Pattern recognition is what our brains do. The ability to perceive similarities in designs and situations were necessary for survival in early hominid eras and continue to be so to forecast dangers of both an individual and global scale. Aesthetically, patterns are found in design arts, in music, in all areas of behavior. Patterns infer a kind of predictability and any deviation from them serves to alert to the unusual, to the out of the ordinary, to a kind of shock that can wake the subject up to something outside the norm. A pattern can indicate harmony even between opposites (where clashing colors can be harmoniously wedded via repeating or interlocked shapes, for example); a pattern can itself be quite fascinating and hypnotic.
Variation signals something else: impending disaster or just a shift in perception.
We become lulled by patterns; they become areas of safety. When a pattern breaks, it can be jarring but it can also be exciting or inspiring.
Similarity connotes recognition. This new thing looks like the other thing I’m used to; the new becomes more comprehensible. But is it really?
If you want equate - say - quantum entanglement with Jung’s synchronicity or the underlying Mind of God or the Dao - be my guest. But is the equation viable? Is it true? Is it real? These are three different questions.

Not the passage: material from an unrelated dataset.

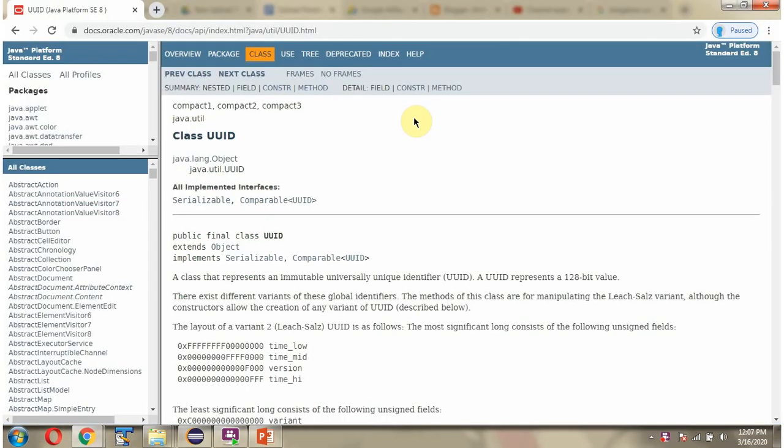If you want to know more about UUID class then go through the Java documentation.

Viability simply infers that there is a kind of usefulness in applying apparent similarities between different categories, patterns, strategies, and so on; at its simplest, this is reasoning by analogy and acting thereon. If it’s helpful to understand one thing by its similarity to another thing, so much the better. Still, there is a limit, a threshold of usefulness. At the end of the day, each situation stands on its own; each event needs to be experienced solely on its own terms. This requires a certain degree of openness, a willingness to engage from a space free of expectation or imposition of any kind. The viability of these equivalencies has a usefulness, a utility of some duration and importance, if only pro tem.
Reality and Truth are different. Reality might be easier to approach for a moment. For the moment, I’ll simplify what I mean by reality in terms of the reality-I-experience and reality-as-it-is outside my immediate experience. I don’t want to get into too much of the subject/object dichotomy nor do I want to start all this with discussions of subjective or objective reality, though that might come in handy.
If I accept that reality is more fluid and more gnarly than I perceive it, what does this do? If I say, conversely, that the world as I encounter it is only as I encounter it, what does this do? By “do”, I mean, how does this affect my behavior, how does this acceptance or non-acceptance determine how I go about my day, how does it govern (or not) my interactions with others? Does it have an impact on my ethics? Does my relationship with certain interpretations of how “the world” is constructed and/or of what it is composed/comprised alter my situation with that world and the beings that inhabit it?
There is a good chance the answer is in the affirmative; but if so, it’a a matter of degree and kind. We may say that we know that life is impermanent and that things and events, including ourselves, come into and pass out of existence and declare this to be real. How, though, does such knowledge affect how we relate to one another, the world, ourselves?
An argument could be made that the most traumatic and destabliizing realization is that of one’s own demise. Consequently, it is said that we have built vast metaphysical systems to refute this very obvious declaration/observation. We have developed religious systems of God, gods, heavens, hells, and pantheon of pantheon to come to terms with everything from the change of seasons, agricultural cycles, to social justice and societal behaviors. Mostly, these constructions have arisen in response to that gnawing sense of persistent change in phenomena. Certainly, this is natural; certainly, we have held onto many of these doctrines stubbornly.
Are they useful or helpful? They may be in some contexts, in others, they have led to darkness, bigotry, and destruction? They were necessary at one time; are they still?
What we may want to consider is how much of our religio-mystical approaches/strategies have proven benign, if not useful. These may need to be weighed against the negative side; where insight ossifies into dogma and sectarianism and tribalism.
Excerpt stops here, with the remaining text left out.